Z eleganckiego przeszklonego budynku zbudowanego za 600 mln dol. na działce 116 akrów (47 ha) będzie mogło wyjeżdżać do ośmiu A321 co miesiąc, choć Airbus ogłosił, że nie zamierza dochodzić szybko do takiej liczby. Zakład będzie za to z pewnością wyzwaniem dla Boeinga. Obie firmy wypuszczają obecnie po 42 samoloty wąskokadłubowe co miesiąc i planują znaczne zwiększenie ich produkcji dla wykonania zaległych zamówień.
Airbus planował pierwotnie produkowanie w Mobile mniejszych A320, ale większe A321 zabierające do 240 pasażerów okazały się atrakcyjniejsze od samolotów Boeinga. - W tym kierunku zmierza rynek amerykański - stwierdził prezes Airbusa na obie Ameryki, Barry Eccleston.
Boeing wytwarza konkurencyjne B737 w jednej fabryce w Renton w stanie Waszyngton i zamierza zwiększyć tam tempo produkcji do 52 sztuk co miesiąc w 2018 r. Airbus ma zakłady rodziny A320 w Niemczech, Francji i Chinach i planuje zwiększenie rytmu do 50 sztuk miesięcznie w 2017 r.

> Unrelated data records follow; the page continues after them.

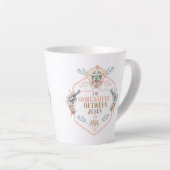 Irgendwo zwischen Jesus und Jail Boho Land Milchtasse (Rechte Ecke)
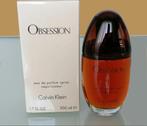 OBSESSION CALVIN KLEIN 100 ML, Bijoux, Sacs & Beauté, Utilisé, Enlèvement ou Envoi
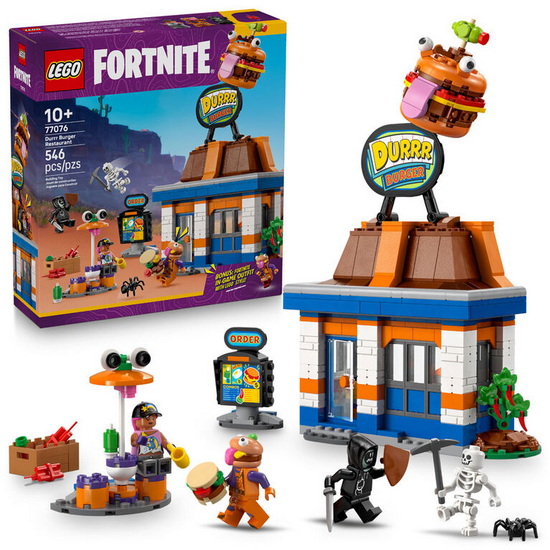 Le restaurant Durrr Burger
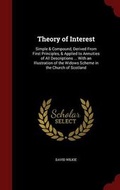 Cover: Theory of Interest - Andesite Press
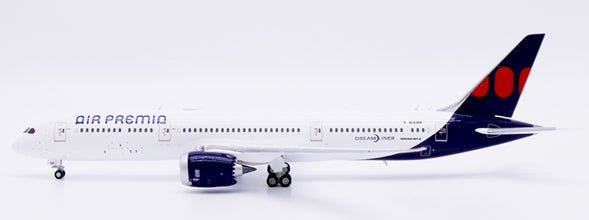 Pre - Order JC Wings SA4089A 1:400 Air Premia Boeing 787 - 9 Dreamliner "Flaps Down" HL8389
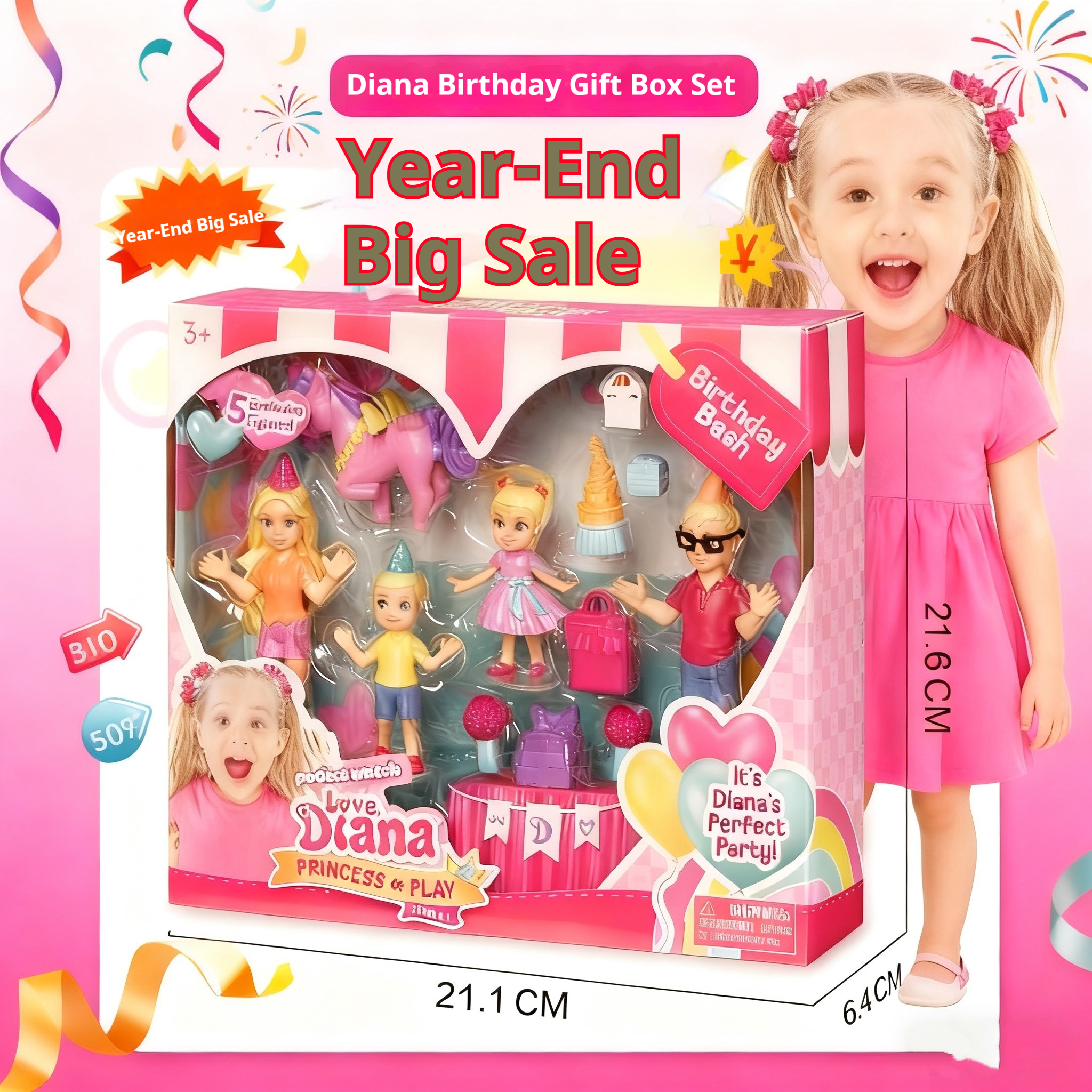 Instock Diana Princess Dream G – Baby Products Packaging recenzja i cena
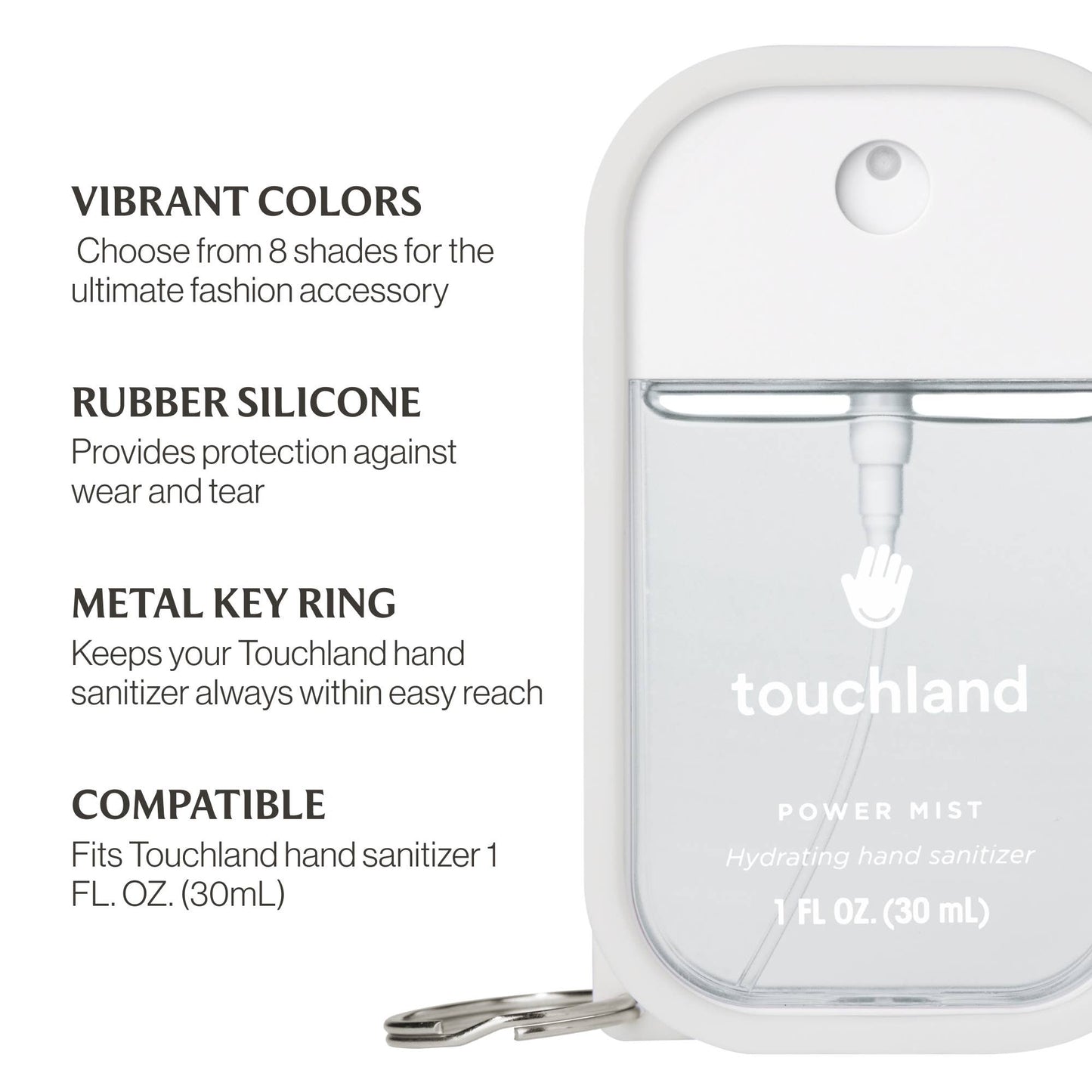 Hand Mist Case | Icy White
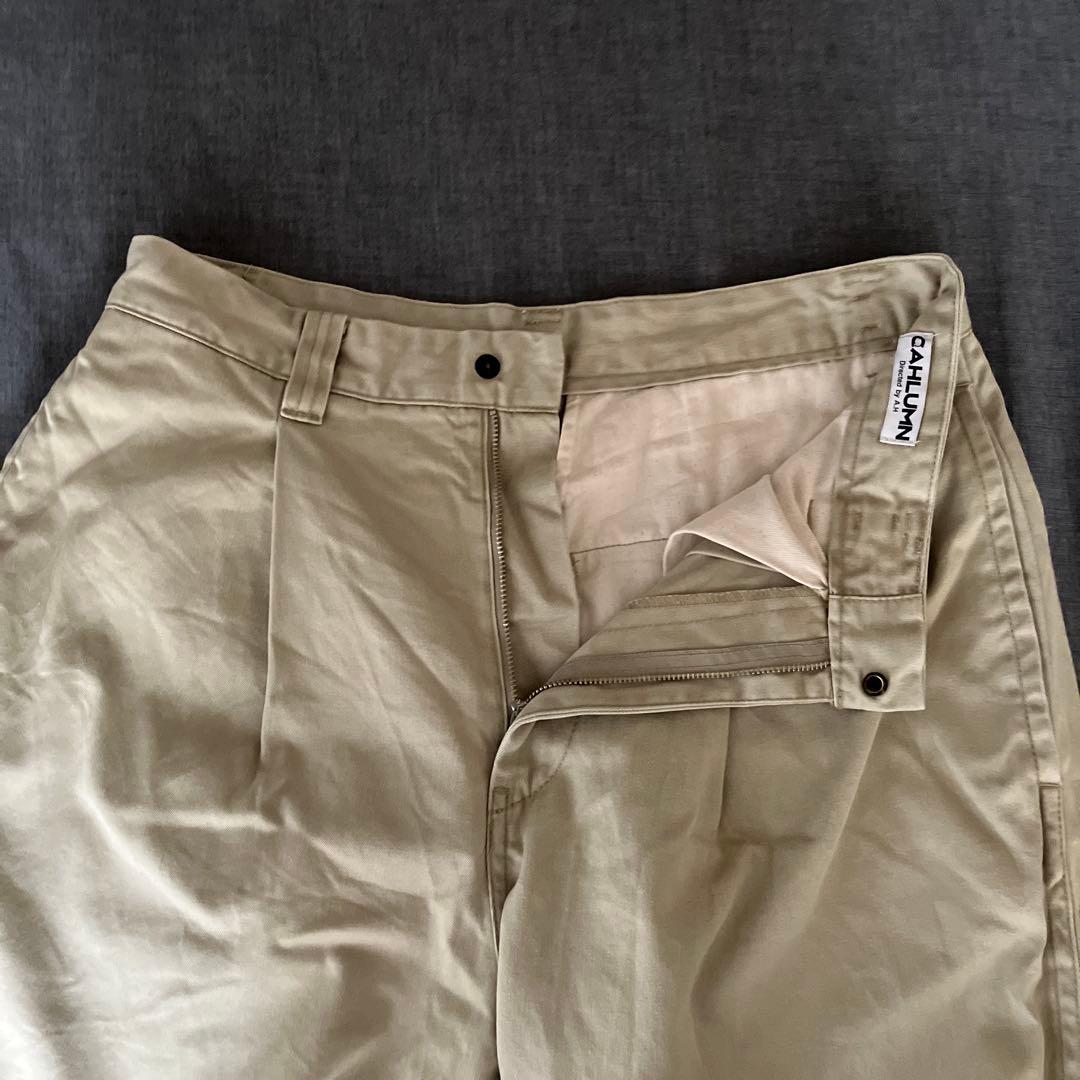 カウラム　チノパン　Magazine Pocket Chino Pant Ｓ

Prezes Airbusa, Fabrice Bregier stwierdził, że popyt uzasadnia produkcję 60 sztuk miesięcznie, europejska firma ma w tym roku zadecydować, czy będzie dążyć do takiego poziomu. Jeśli tak postanowi, to doda czwartą linię montażową w Niemczech, a później zwiększy produkcję w Alabamie - dowal
Nowy zakład w Stanach ma produkować pod koniec 2017 r. cztery samoloty co miesiąc, ale stwarza Airbusowi możliwość zwiększenia produkcji poprzez dodanie kolejnej zmiany i niewielkie nakłady inwestycyjne. - Przy bardzo niedużej korekcie możemy dojść do ośmiu sztuk miesięcznie - stwierdził szef pionu kontroli jakości Timo Zaremba.